The Galaxy Evolution Explorer's ultraviolet eyes have captured a globular
star cluster, called NGC 362, in our own Milky Way galaxy. In this new
image, the cluster appears next to stars from a more distant neighboring
galaxy, known as the Small Magellanic Cloud.
Globular clusters are densely packed bunches of old stars scattered in
galaxies throughout the universe. NGC 362, located 30,000 light-years
away, can be spotted as the dense collection of mostly yellow-tinted stars
surrounding a large white-yellow spot toward the top-right of this image.
The white spot is actually the core of the cluster, which is made up of
stars so closely packed together that the Galaxy Evolution Explorer cannot
see them individually.
The light blue dots surrounding the cluster core are called extreme
horizontal branch stars. These stars used to be very similar to our sun
and are nearing the end of their lives. They are very hot, with
temperatures reaching up to about four times that of the surface of our
sun (25,000 Kelvin or 45,500 degrees Fahrenheit).
A star like our sun spends most of its life fusing hydrogen atoms in its
core into helium. When the star runs out of hydrogen in its core, its
outer envelope will expand. The star then becomes a red giant, which burns
hydrogen in a shell surrounding its inner core. Throughout its life as a
red giant, the star loses a lot of mass, then begins to burn helium at its
core. Some stars will have lost so much mass at the end of this process,
up to 85 percent of their envelopes, that most of the envelope is gone.

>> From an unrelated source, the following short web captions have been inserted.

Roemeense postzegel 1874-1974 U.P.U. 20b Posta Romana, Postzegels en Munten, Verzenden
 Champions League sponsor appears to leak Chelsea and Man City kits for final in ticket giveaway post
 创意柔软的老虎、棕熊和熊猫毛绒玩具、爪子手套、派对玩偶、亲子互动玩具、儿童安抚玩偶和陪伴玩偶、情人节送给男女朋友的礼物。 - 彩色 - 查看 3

What is left is a very hot ultraviolet-bright core, or extreme horizontal
branch star.
Blue dots scattered throughout the image are hot, young stars in the Small
Magellanic Cloud, a satellite galaxy of the Milky Way located
approximately 200,000 light-years away. The stars in this galaxy are much
brighter intrinsically than extreme horizontal branch stars, but they
appear just as bright because they are farther away. The blue stars in the
Small Magellanic Cloud are only about a few tens of millions of years old,
much younger than the approximately 10-million-year-old stars in NGC 362.
Because NGC 362 sits on the northern edge of the Small Magellanic Cloud
galaxy, the blue stars are denser toward the south, or bottom, of the
image.
Some of the yellow spots in this image are stars in the Milky Way galaxy
that are along this line of sight. Astronomers believe that some of the
other spots, particularly those closer to NGC 362, might actually be a
relatively ultraviolet-dim family of stars called "blue stragglers." These
stars are formed from collisions or close encounters between two closely
orbiting stars in a globular cluster.
This image is a false-color composite, where light detected by the Galaxy
Evolution Explorer's far-ultraviolet detector is colored blue, and light
from the telescope's near-ultraviolet detector is red.